» **Aim of the task**: Repeat the entries below exactly as they appear, with no pictures.

___ Records to process ___

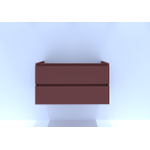 H&R Badmeubelen Infinity Wastafelonderkast - 100x44.8x55cm - 2 lades - zonder sifonuitsparing - greeploos - terra mat SW872851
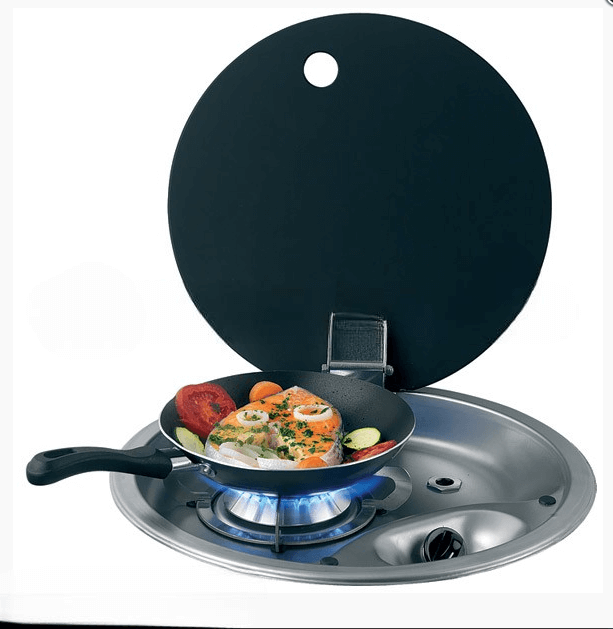 Flush Fitting Single Burner Gas Hob – Tempered Glass & Stainless Steel with frying pan on the burner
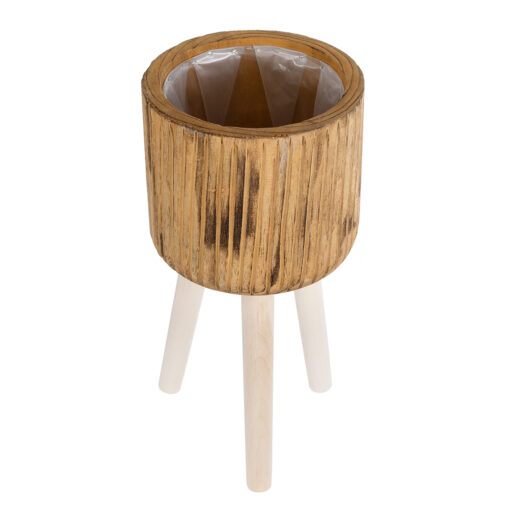 GloboStar® Artificial Garden JAMAICA 20553 Διακοσμητικό Ξύλινο Κασπώ Γλάστρα – Flower Pot Καφέ Φ18 x Υ38cm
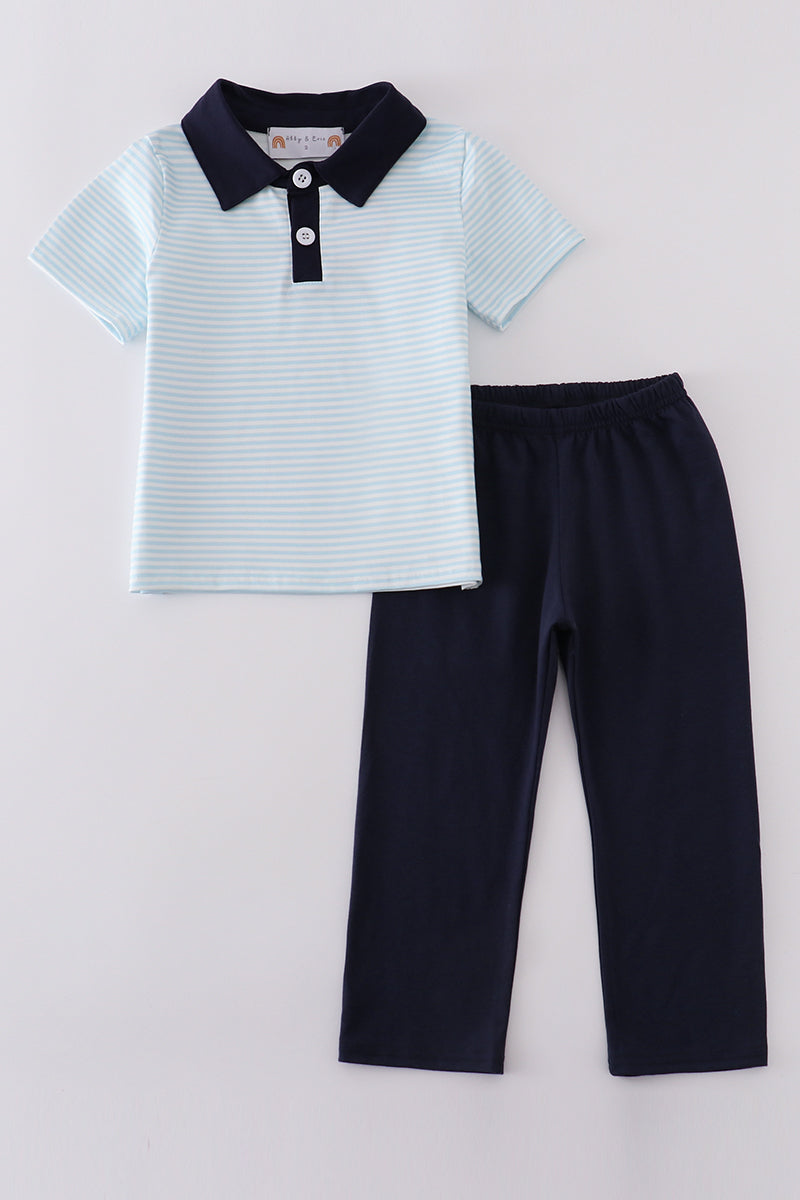Navy and white striped boy's outfit with cozy long sleeves and pants.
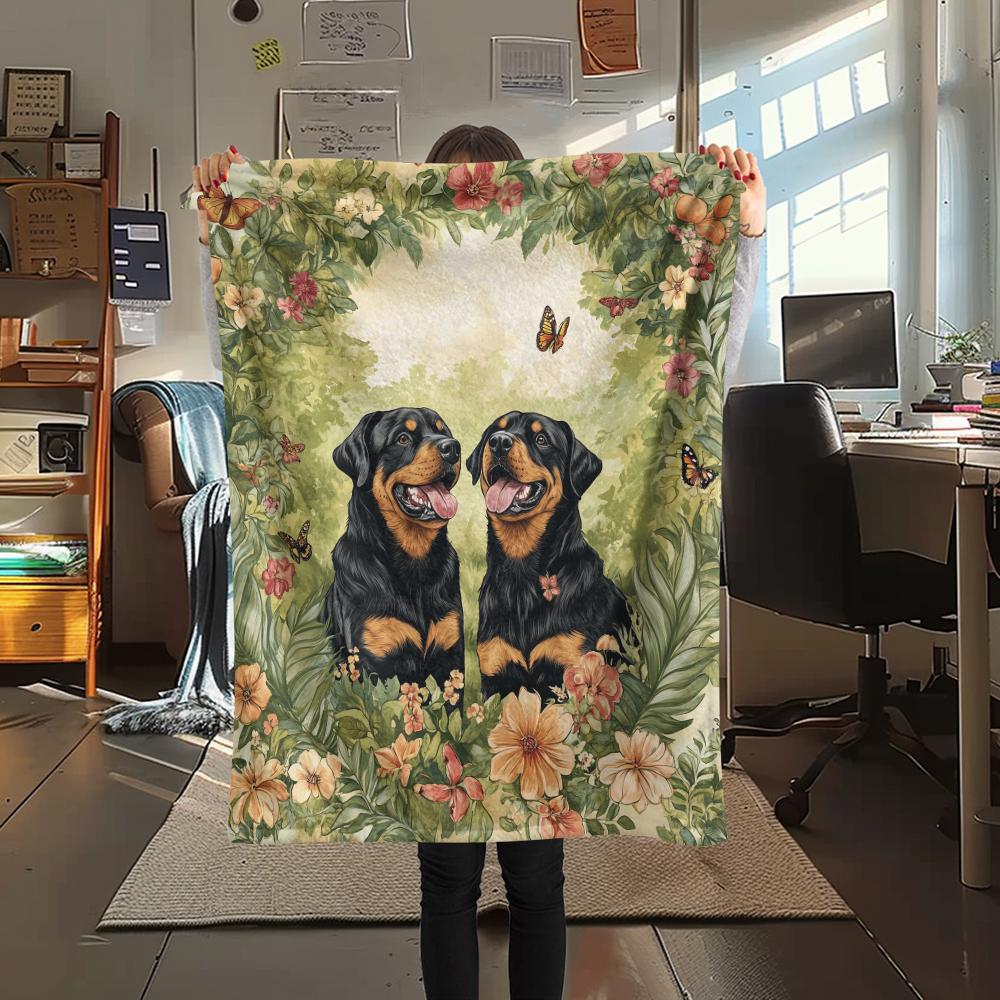 Rottweiler and Garden,pattern Flannel Blanket, High quality Comfortable for All Seasons, Home Decor, Warmth and Comfort, Perfect for Gifts.
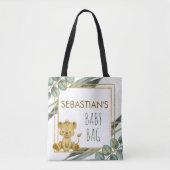 Tote Bag Botanique Jungle Safari Lion Nouveau bébé (Devant)
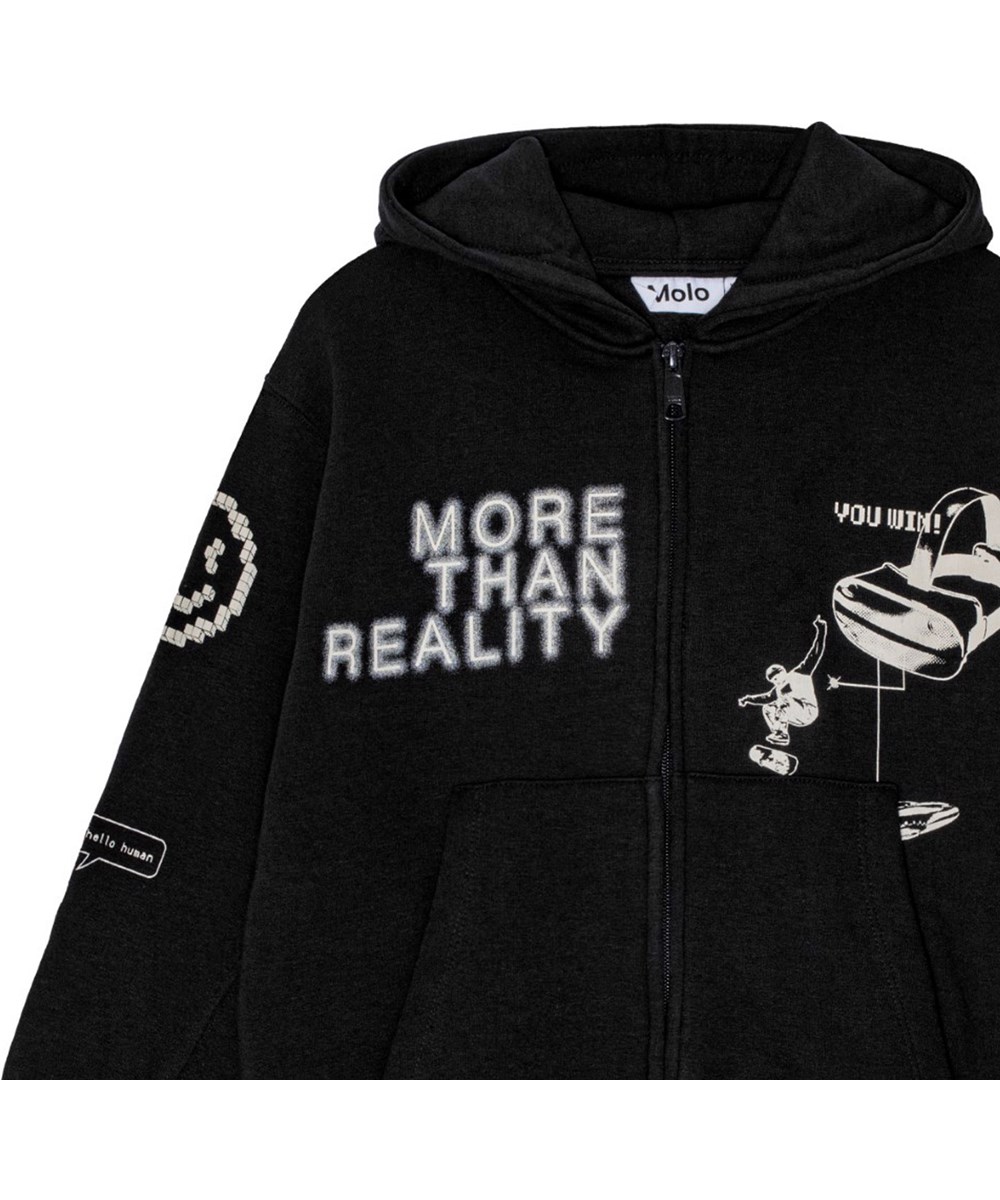 Mazz - Black - Zwarte en witte hoodie van biologisch katoen met rits.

___

» **Result of this task**:
 H&R Badmeubelen Infinity Wastafelonderkast - 100x44.8x55cm - 2 lades - zonder sifonuitsparing - greeploos - terra mat SW872851
 Flush Fitting Single Burner Gas Hob – Tempered Glass & Stainless Steel with frying pan on the burner
 GloboStar® Artificial Garden JAMAICA 20553 Διακοσμητικό Ξύλινο Κασπώ Γλάστρα – Flower Pot Καφέ Φ18 x Υ38cm
Navy and white striped boy's outfit with cozy long sleeves and pants.
 Rottweiler and Garden,pattern Flannel Blanket, High quality Comfortable for All Seasons, Home Decor, Warmth and Comfort, Perfect for Gifts.
 Tote Bag Botanique Jungle Safari Lion Nouveau bébé (Devant)
 Mazz - Black - Zwarte en witte hoodie van biologisch katoen met rits.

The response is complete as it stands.